An important aspect of treating an alcoholism is understanding the underlying causes. Alcoholism is most commonly known in the medical community by the formal diagnosis, alcohol use disorder. The National Institute on Alcohol Abuse and Alcoholism defines it as problem drinking that has become severe. They estimate that in the United States alone, 15 million people suffer from alcohol use disorder. Individuals with this condition not only suffer from significant harms and consequences as a result of their alcohol abuse, but they are unable to stop or control their alcohol abuse even when they recognize a need to do so. Alcohol addiction can devastate a person’s life and can make them feel helpless. Individual willpower is not sufficient for managing alcohol use disorder, since the patterns of substance abuse actually alter the areas of the brain responsible for making decisions. In order to recover from this debilitating condition, a person must seek outside help.
However, many young people with a history of alcoholism in their families wonder if they are somehow predestined for alcoholism. Medical professionals and addiction experts often advise children of alcoholics to avoid alcohol consumption. Why is this? Is alcoholism hereditary?
Causes of Alcohol Use Disorder
Alcohol use is an integral part of most cultures. In many parts of the world, drinking cultures even encourage alcohol abuse and dangerous drinking behaviors. Binge drinking, for instance, is a common expectation on most college campuses. Nonetheless, the vast majority of people are able to curb their dangerous drinking patterns when they deem it necessary. Individuals who are unable to manage their own alcohol consumption despite negative consequences can be said to suffer from alcohol use disorder. Why can some people drink alcohol normally and others can’t? The answer to this is complicated, since there is no one single causal factor for alcoholism. However, the single most powerful predictor of whether a person will develop alcohol use disorder is a history of alcoholism in the family. Individuals with a family history of alcoholism face a significantly higher likelihood that they will develop alcohol use disorder themselves due to a number of factors, ranging from environmental factors to genetic factors.
Individuals who are raised by parents with alcoholism, or in environments characterized by the presence of regular alcohol abuse, often develop problems with alcohol themselves. The ubiquitous presence of alcohol increases the likelihood that a person will begin drinking at an earlier age. Research shows that young people who begin drinking at an earlier age tend to struggle to control their alcohol consumption. When the brain is younger, it is more malleable, and it is easier for people to pick up habits — including dangerous habits like alcohol abuse. Children also tend to see their parents and family members as role models, often emulating their behaviors. Being around family members who model dangerous behaviors like alcohol abuse can negatively influence children, making it more likely that they will deem the behavior acceptable. Combined, these factors make young people more likely to drink.

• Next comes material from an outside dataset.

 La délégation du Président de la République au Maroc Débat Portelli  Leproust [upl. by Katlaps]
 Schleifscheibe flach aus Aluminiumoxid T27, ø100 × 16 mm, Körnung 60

Moreover, being raised in an environment characterized by regular alcohol abuse can make childhood difficult. Parents who are struggling, unpredictable, or violent can create an inhospitable environment for children. It is common for children of alcoholics to suffer significant trauma during their early years. Individuals who suffer from trauma, particularly early childhood trauma, are significantly more likely to develop substance use disorders. They are also more likely to develop other mental health disorders, such as major depression and anxiety disorder. Mental illness and alcohol use disorder go hand in hand, since a large number of people begin abusing alcohol as a means of treating symptoms of mental and emotional distress. This practice of drinking as a way of managing an undiagnosed mental health condition, known as self-medication, tends to worsen alcohol use disorder over time.
The Genetic Component
Research also shows that alcoholism is passed down from generation to generation via genes. The presence of certain genes can influence how a person metabolizes alcohol. While not everyone with these genes will necessarily develop the condition, those with a family history of alcoholism are at a high risk and should exercise caution. Some of the genes that influence alcoholism include:
- GABRB1 – This gene causes people to produce less gamma-aminobutyric acid (GABA) in their brain, one of the main chemicals from which the sedating effects of alcohol are derived. Individuals with this gene may drink more to compensate for the reduction of GABA.
- ADH1B – This gene, which is common among people of East Asian descent, has a low prevalence among Europeans. Individuals with the ADH1B gene suffer feelings of discomfort when they drink, and as such as deterred from abusive drinking. Populations that lack this gene are more likely to have problems with alcohol.
- Beta-Klotho – This gene, which is also associated with having a sweet tooth, makes it easier for people to control and manage their drinking. Individuals who do not have this gene may struggle with alcoholism.
If your family has a history of alcohol use disorder, you are not destined to become an alcoholic. Nonetheless, as a high-risk person, it is highly recommended that you exercise caution by avoiding alcohol. For individuals who are already suffering from alcohol addiction, it is essential to seek the help of a licensed treatment center. Outpatient treatment facilities can help you withdraw from alcohol and develop the tools and coping strategies you need to avoid relapse over the long-term. While the notion that alcohol is hereditary may be disheartening, by learning to treat and manage your condition, you can begin to alter the family cycle. Treating your alcoholism not only helps you live your own life more joyfully, it can help pave the way for future generations.